Back in 2008, when the industry sat down at the Round Table organized by the Federal Communications Commission, it was Swisscom, the incumbent itself, that pushed for the four-fiber Point-to-Point model. The company argued that a single fiber would create a monopoly and that regulation would be necessary.
So the standard was set. Four fibers per home. Point-to-Point. Open access for competitors on Layer 1 - the physical fiber itself.
Then, in 2020, Swisscom changed course. The company announced a new network expansion strategy, this time using P2MP, the shared model with splitters. On paper, they argued it was cheaper and faster to deploy.
…
Swisscom fought this all the way to the Federal Court. They lost.
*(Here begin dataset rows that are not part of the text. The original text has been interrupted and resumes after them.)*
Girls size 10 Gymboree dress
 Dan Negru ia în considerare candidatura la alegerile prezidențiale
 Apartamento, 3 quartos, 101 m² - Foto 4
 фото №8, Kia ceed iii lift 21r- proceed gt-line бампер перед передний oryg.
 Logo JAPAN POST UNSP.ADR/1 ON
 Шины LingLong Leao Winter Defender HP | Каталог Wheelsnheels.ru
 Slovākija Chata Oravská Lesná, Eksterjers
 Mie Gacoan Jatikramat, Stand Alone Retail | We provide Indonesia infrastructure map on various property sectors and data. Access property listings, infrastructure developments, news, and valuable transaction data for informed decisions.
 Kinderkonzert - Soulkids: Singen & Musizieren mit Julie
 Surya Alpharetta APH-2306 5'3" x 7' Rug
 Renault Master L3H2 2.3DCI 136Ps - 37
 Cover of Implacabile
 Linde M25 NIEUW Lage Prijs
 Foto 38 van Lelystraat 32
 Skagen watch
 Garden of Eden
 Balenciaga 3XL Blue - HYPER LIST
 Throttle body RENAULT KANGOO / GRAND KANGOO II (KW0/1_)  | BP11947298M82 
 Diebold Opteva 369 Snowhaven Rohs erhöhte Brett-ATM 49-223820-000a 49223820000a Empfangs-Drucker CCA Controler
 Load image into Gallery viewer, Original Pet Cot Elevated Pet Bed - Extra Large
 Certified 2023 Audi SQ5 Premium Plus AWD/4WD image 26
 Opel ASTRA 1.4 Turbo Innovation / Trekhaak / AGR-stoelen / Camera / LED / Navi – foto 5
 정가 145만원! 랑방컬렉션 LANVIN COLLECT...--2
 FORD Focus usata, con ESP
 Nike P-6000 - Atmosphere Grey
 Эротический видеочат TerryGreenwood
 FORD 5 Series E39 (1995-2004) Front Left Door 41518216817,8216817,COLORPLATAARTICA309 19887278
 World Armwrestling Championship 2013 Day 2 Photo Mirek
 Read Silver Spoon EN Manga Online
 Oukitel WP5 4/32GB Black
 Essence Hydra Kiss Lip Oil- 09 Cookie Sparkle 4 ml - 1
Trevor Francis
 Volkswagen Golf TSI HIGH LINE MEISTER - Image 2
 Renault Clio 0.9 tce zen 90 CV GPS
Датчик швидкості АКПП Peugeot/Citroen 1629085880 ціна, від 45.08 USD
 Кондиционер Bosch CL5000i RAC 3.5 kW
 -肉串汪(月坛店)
In 2021, the Federal Administrative Court confirmed COMCO’s measures, stating that Swisscom had failed to demonstrate “sufficient technological or economic grounds” to deviate from the established fiber standard.5 In April 2024, COMCO finalized its ruling, fining Swisscom 18 million francs for violating antitrust law.God damn
I’m sad this article uses AI images, instead of the obvious choice to show a Comcast employee rubbing their nipples
A lot of people in here saying they have no use case for it, but if everyone had this kind of connection then the use cases could start to emerge.
When I briefly had really fast fiber, the noticeable latency difference was insane. It’s not enough to go by a simple ping. Nobody uses the internet by sending pings. Real world use is about moving a lot of data. A more accurate measure of latency is bandwidth. Everything loads instantly. It’s like going from HDD to SSD or single core to multicore CPU. I probably rarely max out the bandwidth of my modern SSDs or CPUs but they’re just faster.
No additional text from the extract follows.